And it wends its way into our private lives as well, changing even how we interact with one another: the way casual acquaintances will say "I love you"; the way we describe whatever thing as "the best thing ever"; the way we are blurring the lines between friends and strangers. And we know that. There have been books written about the proliferation of malarkey, empty talk, baloney, claptrap, hot air, balderdash, bunk. One book was aptly named "Your Call is Important to Us."
But this is not only a challenge to our society; it's a challenge we all face as individuals. Life tests our willingness, in ways large and small, to tell the truth. And I believe that so much of your future and our collective future depends on your doing so. So I'm going to give you three honest, practical lessons about cutting the BS.
Number one: Don't cover for your inexperience. You are smart, talented, educated, conscientious, untainted by the mistakes and conventional wisdom of the past. But you are also very annoying. Because there is a lot that you don't know that you don't know. Your parents are nodding. You've been annoying them for years. Why do you think they paid for college? So that you might finally, at long last, annoy someone else. And now your professors are nodding.

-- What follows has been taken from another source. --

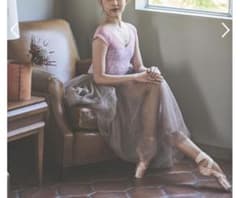 stina スティナ レオタード 復刻版 ツイード ピンク M バレエ - メルカリ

F. Scott Fitzgerald once said, "Yeah, this should definitely be in 3D."
No, what he said was, "[T]he test of a first-rate intelligence is the ability to hold two opposed ideas in the mind at the same time, and still retain the ability to function." That's what you have to do: you have to be confident in your potential, and aware of your inexperience. And that's really tough. There are moments when you'll have a different point of view because you're a fresh set of eyes; because you don't care how it's been done before; because you're sharp and creative; because there is another way, a better way. But there will also be moments when you have a different point of view because you're wrong, because you're 23 and you should shut up and listen to somebody who's been around the block.

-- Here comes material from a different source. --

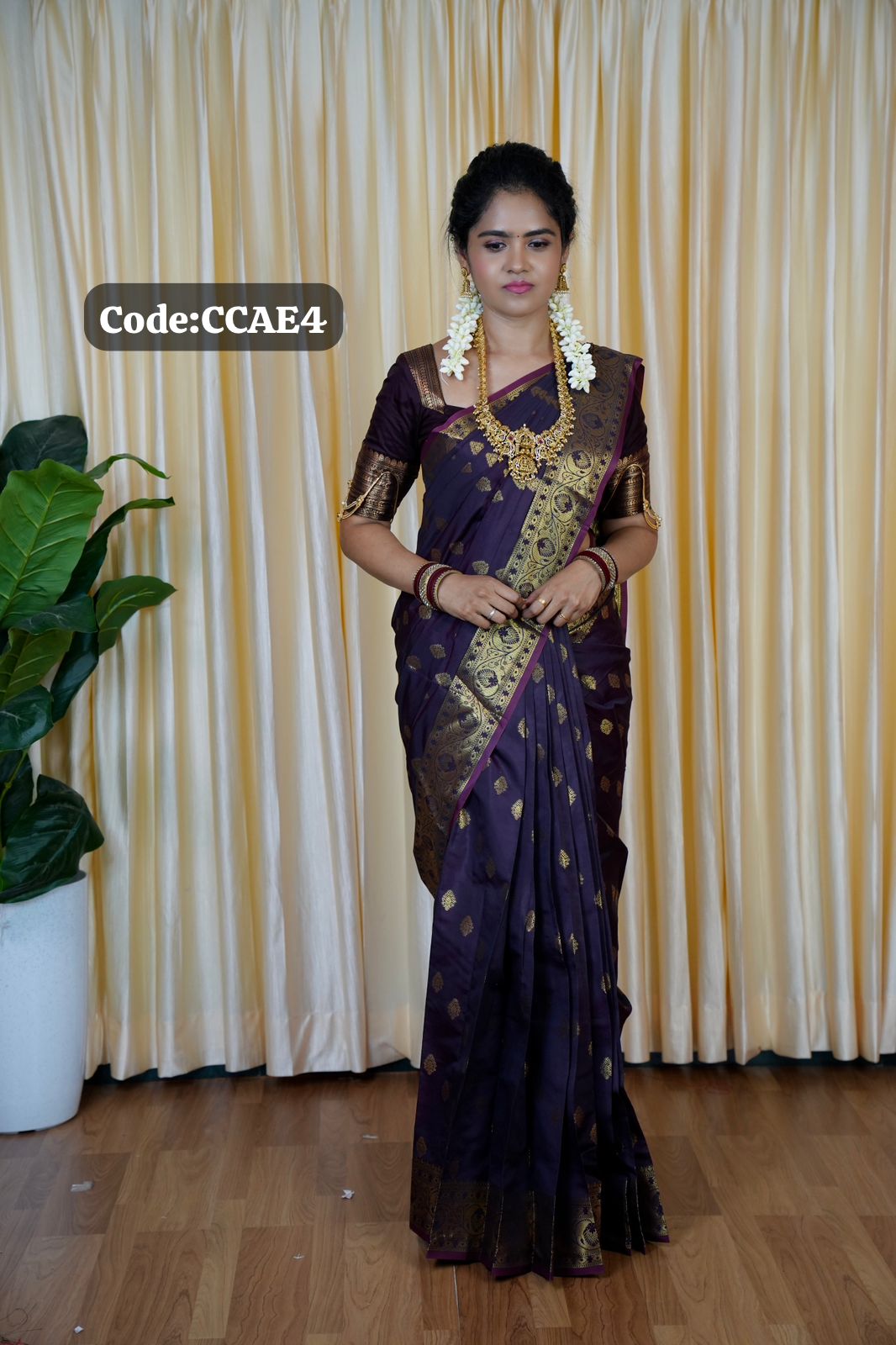 Kanchi semi silk saree🥳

The old people are nodding again.
It's hard to tell the difference. Me, I love getting this one wrong. I got it wrong a ton when I started out as a speechwriter to Hillary Clinton. I got it wrong again when I became a presidential speechwriter. I worked on one speech about the financial system that caused the Dow to drop like 200 points. So that speech could have been better, probably.

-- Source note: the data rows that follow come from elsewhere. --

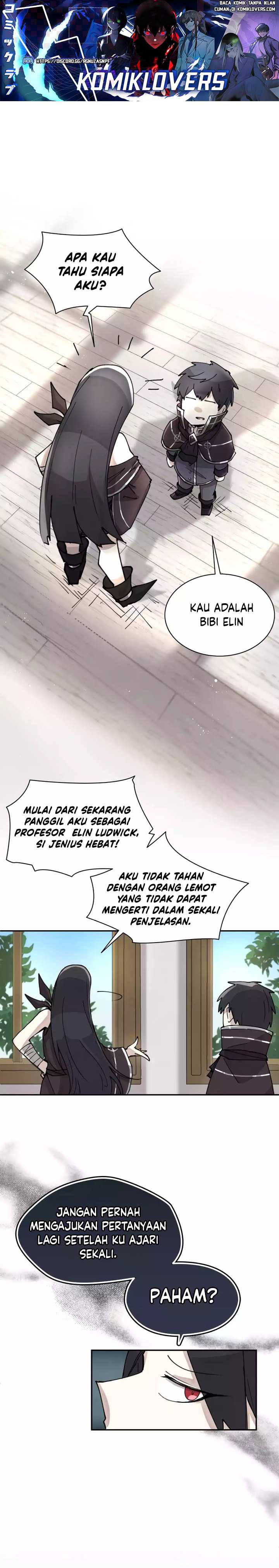 The Rebirth of the Hero’s Party’s Archmage chapter 4
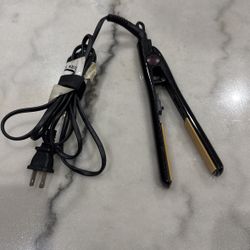 Farouk Micro Chi Flat Iron 5/8" 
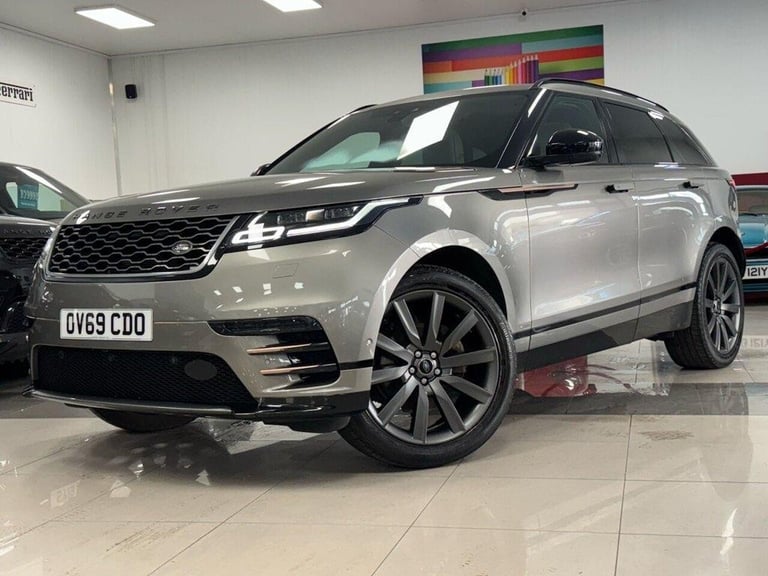 2019 69 LAND ROVER RANGE ROVER VELAR 2.0 D240 R-DYNAMIC HSE SUV 5DR DIESEL AUTO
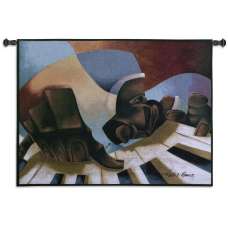 Frankie Fingertips Tapestry Wall Hanging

Just this past year, I faced this same dilemma, co-creating a show on NBC. It's called 1600 Penn, and while you may have heard of it, based on the ratings, you almost certainly didn't see it. Though, it did recently make some headlines... when it was cancelled. I had never so much as a written a line of dialogue before I wrote this show. But I'm working with directors and writers and executives with years and years of experience in the biz. We call it the biz.